Le plus surprenant, dans le cas de ce seigneur de la guerre nommé Krotok, était qu’il ne fût pas un guerrier mais un ouvrier qui avait voulu sortir de son état. S’il avait réussi à s’élever jusqu’au sommet de la hiérarchie, c’était au prix d’intrigues si nombreuses et si épuisantes qu’elles l’avaient, pour ainsi dire, vidé au point que – commandant la horde – il était à court de projets et ne savait que faire de son immense armée.
Aussi fut-ce d’un geste machinal et comme on jette une poignée de dés qu’il précipita sur la termitière la plus grande partie de son corps de bataille. Celui-ci, qui comportait plus de trois millions de combattants (argupes, bouffards et sisterettes), était dix fois plus nombreux que les forces offensives dont disposait l’homme-qui-rayonne. De plus, la fourmi noire – du moins l’argupe et le bouffard – était mieux cuirassée que le termite, fût-il garde royal. Le guerrier termite, dont l’armement était comparable à celui du sombre cavalier de Bratoc, souffrait d’une faiblesse de la carapace dont profitaient ses ennemis. Le pétiole ou pédoncule, pont de chair qui relie l’abdomen au thorax, n’était en effet pas protégé et s’offrait nu pour ainsi dire aux coups de mandibules. La moindre blessure en cet endroit rendait le guerrier inapte au combat : tant de circuits vitaux y étaient rassemblés qu’une brèche dans le système faisait s’enfuir la vie à gros bouillons.
Le marmouset expliqua au jeune homme que sans ce point faible les termites auraient depuis longtemps vaincu leurs ennemis héréditaires, car ils étaient plus intelligents et plus imaginatifs que les fourmis tatillonnes et obstinées.
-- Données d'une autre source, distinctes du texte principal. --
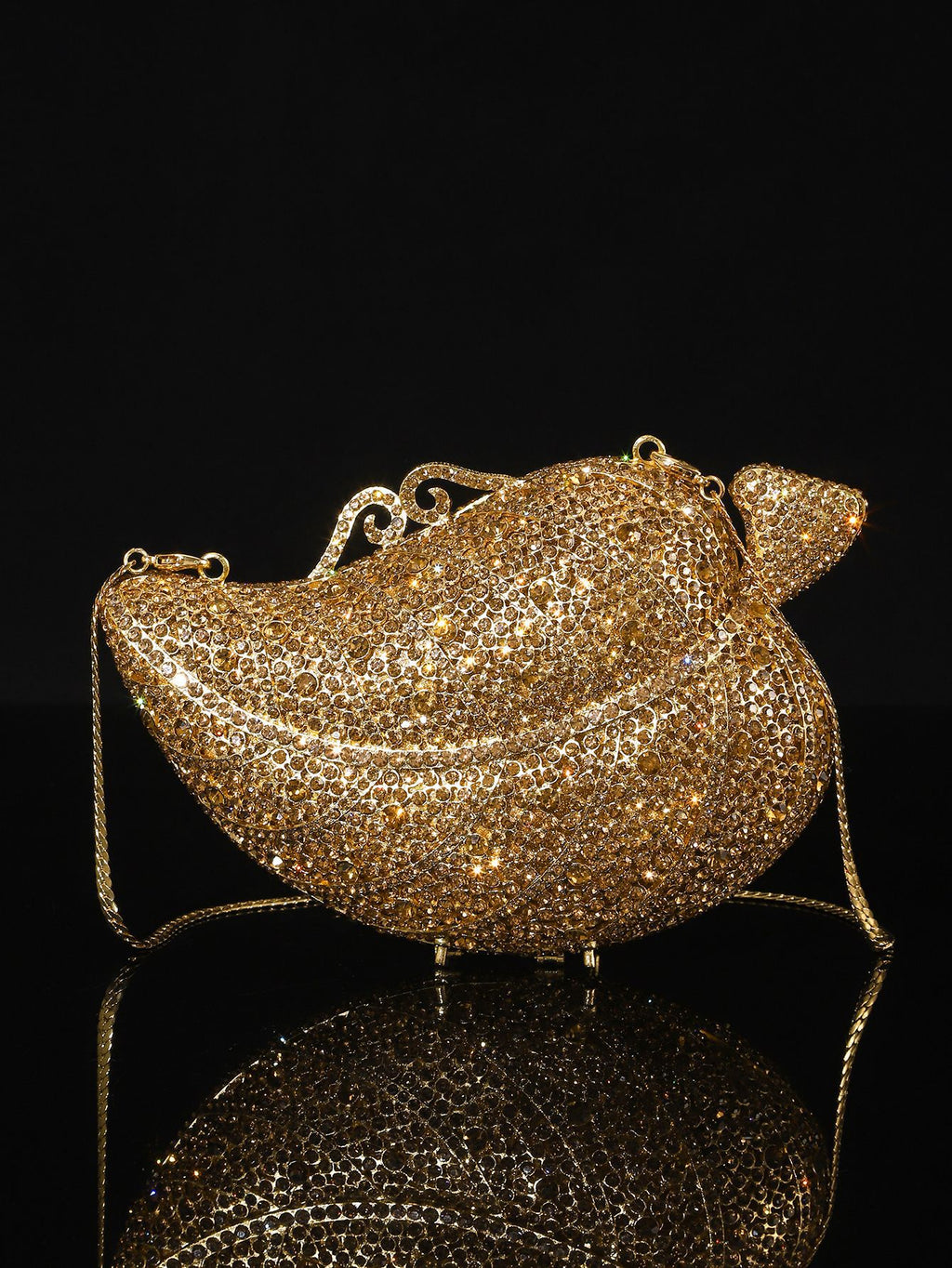 Sac de soirée en strass de bouteille de champagne brillant brillant haut de gamme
Les soldats de Bratoc n’avaient qu’une seule façon de combattre : atteindre le pédoncule de l’adversaire pour le sectionner ou le piquer de leurs dards. Ils n’avaient pas encore compris que, ce faisant, ils exposaient leurs propres flancs aux mandibuliers et se faisaient eux-mêmes couper en deux. Des taureaux enragés et sans finesse : voilà ce qu’étaient les argupes et les bouffards.
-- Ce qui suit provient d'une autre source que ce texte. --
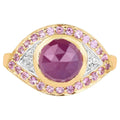 Pink Sapphire Ring With White Topaz 2.96 Carats Gold Plated Silver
Il n’en était malheureusement pas de même pour celles que le docteur Khô-Khô appelait « ces sacrées vicieuses de sisterettes ». Petites, vives et agiles comme des chats, elles se faufilaient sous l’abdomen des colosses de la garde royale ou des rebelles et – semblables à des veaux tétant leur mère – elles leur dévoraient le ventre. C’était à cause des sisterettes que les termites avaient subi à maintes reprises d’humiliants revers dans le passé : tels des moucherons, elles tourbillonnaient autour d’eux, les énervant, les lardant de coups répétés, de petites morsures et d’inattendus poignardages, dansant autour des mastodontes et giclant aussitôt qu’on se tournait vers elles. Ensuite, quand elles avaient réussi à courroucer l’adversaire jusqu’à ce que – hors de lui et ne sachant où donner de la mandibule – il eût abdiqué toute maîtrise, elles se retiraient, elles s’effaçaient dans le paysage, semblant s’anéantir dans l’air et laissant la place aux bouffards massifs et blindés et à ces gros socs d’argupes, lesquels achevaient le travail.
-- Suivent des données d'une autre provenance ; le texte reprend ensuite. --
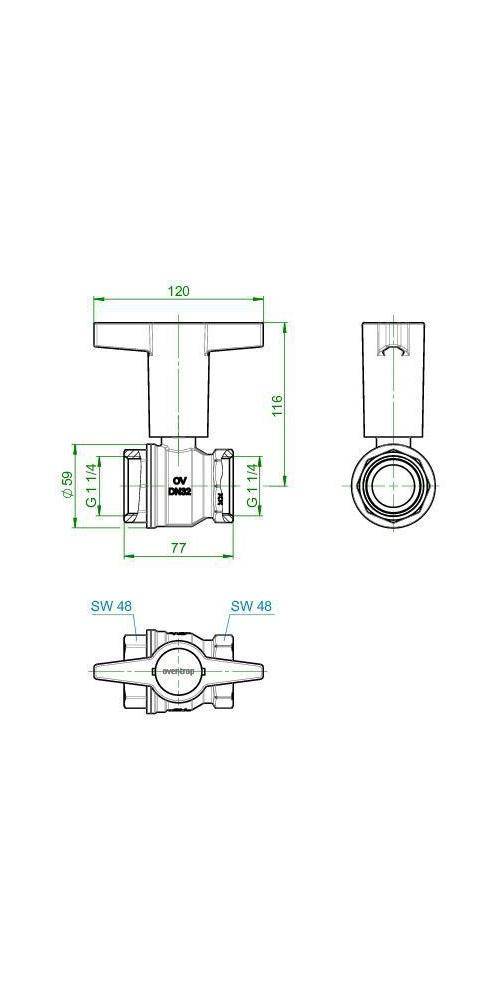 Oventrop OV Knebelgriff-Kugelhahn Optibal PN 16, Messing DN 32, 1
C’est à cette méthode, cette stratégie traditionnelle qu’eut recours le peu inventif Krotok. Dans son esprit, les sisterettes submergeraient l’enceinte nouvellement construite et – par leur furie virevoltante – prépareraient le terrain à l’assaut des bouffards que suivrait celui des « têtes-basses », c’est-à-dire des argupes, véritables béliers qui de leurs nasillards en lame de couteau rentraient dans les pédoncules comme dans du beurre.
Averti de l’offensive de la horde noire, It’van réunit en hâte son état-major. Les ultimes décisions furent arrêtées.
— Êtes-vous sûr que ça marchera ? chuchota le marmouset.
— Que l’oiseau de feu nous vienne en aide ! se borna à répondre l’homme-qui-rayonne.